Und doch gibt es innerhalb all dessen einige Gewissheiten. el Saleh malt Körper in extremis, als würde das Fleisch innere Gefühlszustände signalisieren, als würden Emotionen Physiognomie neu formen und sich buchstäblich dicht an den Knochen niederlassen. Hände und Füße sind hier so ausdrucksstark und eindringlich wie Augen. Die Figuren fühlen tief, und manchmal können wir erahnen, was: das nachvollziehbare Verlangen nach Veränderung, vermischt mit der Angst vor ihren Folgen. Kleinere Figuren – vielleicht alternative Selbst – treten aus Hautportalen hervor (siehe Spoon-feed) oder erscheinen in den knochigen Fingern einer größeren Figur geborgen (sleepy lavender).
In der umkehrbaren Arbeit Fracture plane verwandelt sich ein Körper in eine Motte. In Flytrap fliegt ein mottenähnlicher Mensch traumartig über den Himmel – um zu fallen oder zu fliegen oder, wie der Titel andeutet, im bei der Suche nach Licht in die Falle zu geraten. Selbst das Wetter kann wie eine handelnde Figur wirken, ein abstrakter Hinweisgeber.

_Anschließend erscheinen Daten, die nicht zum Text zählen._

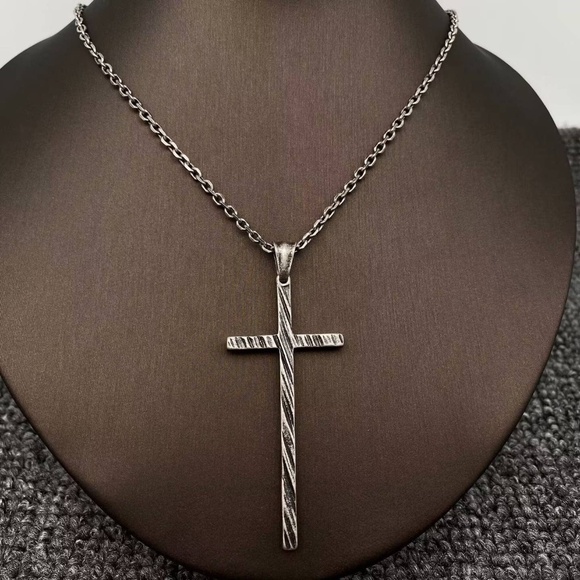 Vintage Men's Stainless Steel Cross Charm Necklace - Picture 2 of 6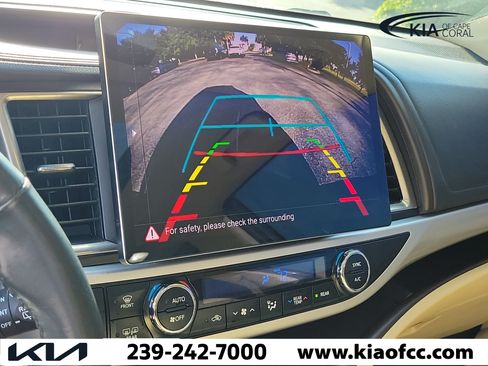 Used 2019 Toyota Highlander XLE FWD image 34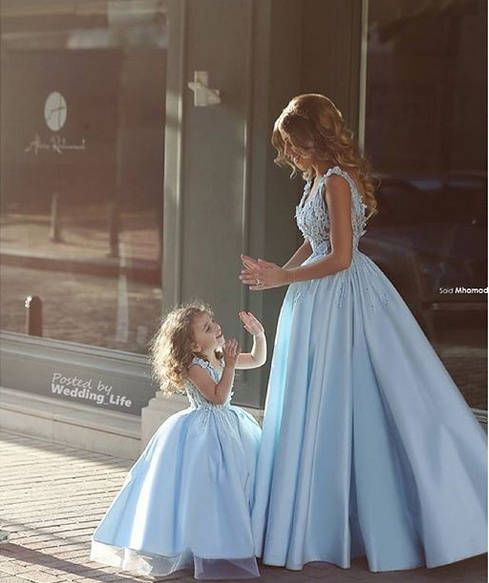 mother daughter matching wedding dresses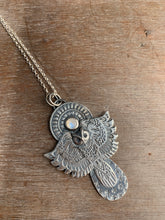 Load image into Gallery viewer, Moonstone owl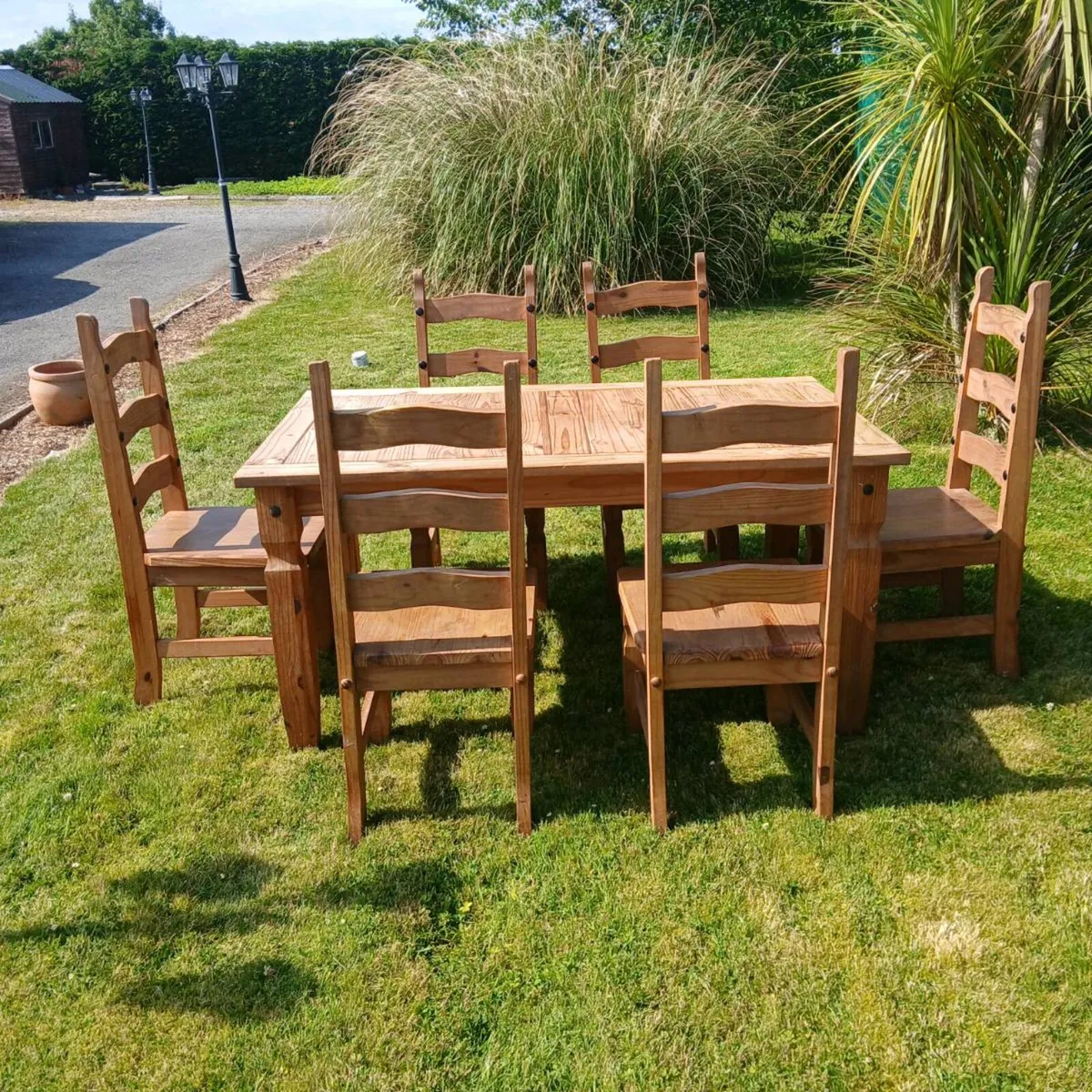 Kitchen table and chairs - Image 2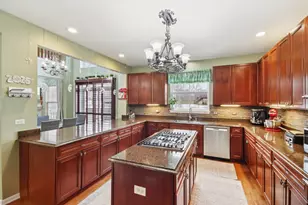 2930 Kelly Dr, Elgin, IL 60124 - Photo 11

Ein Teil von el Salehs Kunst besteht darin, so vieles zurückzuhalten und zugleich die Betrachtenden heranzuwinken – am Rand einer Erzählung zu balancieren und doch zu bestätigen, dass das ganze Narrativ nie zu haben ist. Eine Ebene gilt ihrers libanesisches Aufwachsen, „Easter Eggs“, die in den Kompositionen versteckt sind und die nicht jeder kulturell dechiffrieren kann. Doch zugleich gibt es eindeutige Hinweise auf die universelle Fragmentierung der Betrachtung – ein umkehrbares Gemälde etwa lässt sich nie vollständig erfassen.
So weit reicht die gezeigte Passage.